Lekarz wynalazł nowe urządzenie medyczne, by usunąć półmetrowy wibrator z odbytu pacjenta
Wypadki chodzą po ludziach, czasem nawet na odwrót. Najlepszym tego przykładem jest dziennik BMJ Case Reports, w którym nigdy nie brakuje dziwacznych przypadków medycznych.
Potrzeba matką wynalazków
Zawód lekarza czasem wiąże się z koniecznością wykazania się niebywałą kreatywnością. Po wypróbowaniu wielu tradycyjnych metod, specjaliści musieli odsunąć się od niekonwencjonalnych metod i wypróbować swoją pomysłowość.
W fantastycznym pokazie „potrzeba matką wynalazków”, lekarze we Włoszech zostali zmuszeni do stworzenia nowego urządzenia medycznego, by usunąć oporny 58-centymetrowy (!!) wibrator z odbytnicy mężczyzny. Ale wszystko po kolei.
Pacjent
31-letni mężczyzny, który pragnie pozostać anonimowy, zgłosił się na pogotowie do szpitala AAST Grand Hospital w Mediolanie po tym, jak zabawka erotyczna utknęła w jego odbytnicy. Przyznał, że sam nie jest w stanie usunąć wibratora, który pozostaje tam już od 24 godzin. Obiekt stał się „niedostępny”, a mężczyzna wymagał pomocy lekarskiej.
Oprócz oczywistych kłopotów, pacjent skarżył się na delikatny ból brzucha. Pomijając, że w jego odbytnicy od 24 godzin znajdował się półmetrowy wibrator, mężczyzna nie zgłosił dyskomfortu z tym związanego.
Konwencjonalne metody
Po wykonaniu zdjęcia rentgenowskiego pacjenta skierowano na endoskopię. Na doktora Lorenzo Dioscoridi i jego zespół czekało dość spore wyzwanie. Specjaliści wykorzystali wszystkie dostępne metody usunięcia ciała obcego, które zwykle stosuje się w takich przypadkach.
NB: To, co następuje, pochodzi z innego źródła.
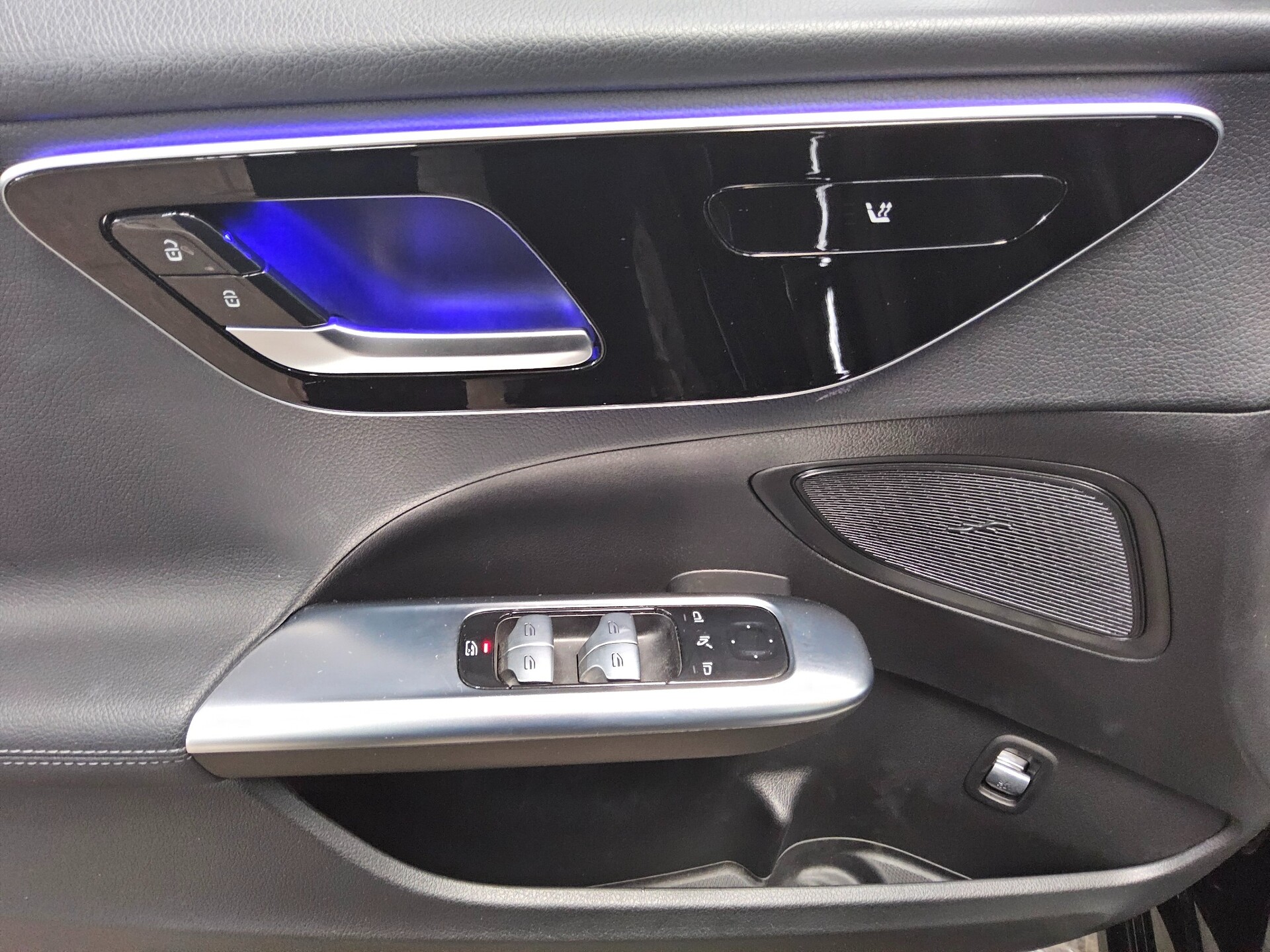 Mercedes-Benz C 200 T d Avantgarde T-Leder Navi LED MBUX+ RfK 10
Kleszczyki, druciana pętla do usuwania polipów, rozszerzający się balon – wszystko na nic.
Niestety, nie udało się usunąć ciała obcego za pomocą kilku różnych standardowych technik ze względu na sztywność, gładkość i rozmiar obiektu.
Rodeo
Doktor Dioscoridi i reszta zespołu musieli wykazać się kreatywnością. Skonstruowali więc urządzenie medyczne, które mogło zdać egzamin. Ich „wynalazek” składał się z podwójnie owiniętego drutu włożonego do cewnika. Najprościej mówiąc, zespół stworzył lasso.
Lekarzom w końcu udało się zacisnąć drut wokół wibratora. Przedmiot został skutecznie złapany i wyciągnięty, w podobny sposób jak na zawodach rodeo. Metoda oczywiście trafiła do BMJ Case Reports i została zatytułowana jako „nowa technika endoskopowa do wyciągania dużych ciał obcych z jelita grubego”.